Everything from the line holding "May include: Close-up" to the end of the listing below should be copied exactly, line for line, minus the pictures.

Data extract:
- - - - -

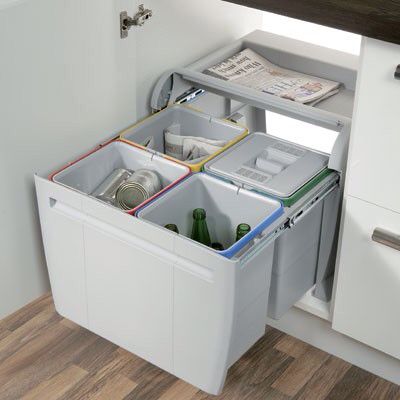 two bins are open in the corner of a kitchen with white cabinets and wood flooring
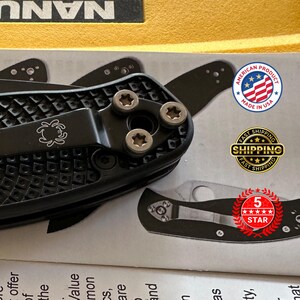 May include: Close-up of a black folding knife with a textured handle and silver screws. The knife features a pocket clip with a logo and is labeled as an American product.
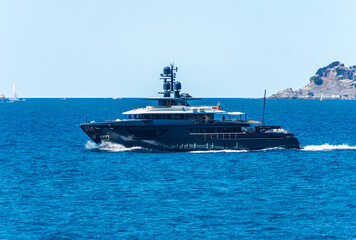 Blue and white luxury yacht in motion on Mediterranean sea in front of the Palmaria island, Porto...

- - - - -

Output of the task:
 May include: Close-up of a black folding knife with a textured handle and silver screws. The knife features a pocket clip with a logo and is labeled as an American product.
 Blue and white luxury yacht in motion on Mediterranean sea in front of the Palmaria island, Porto...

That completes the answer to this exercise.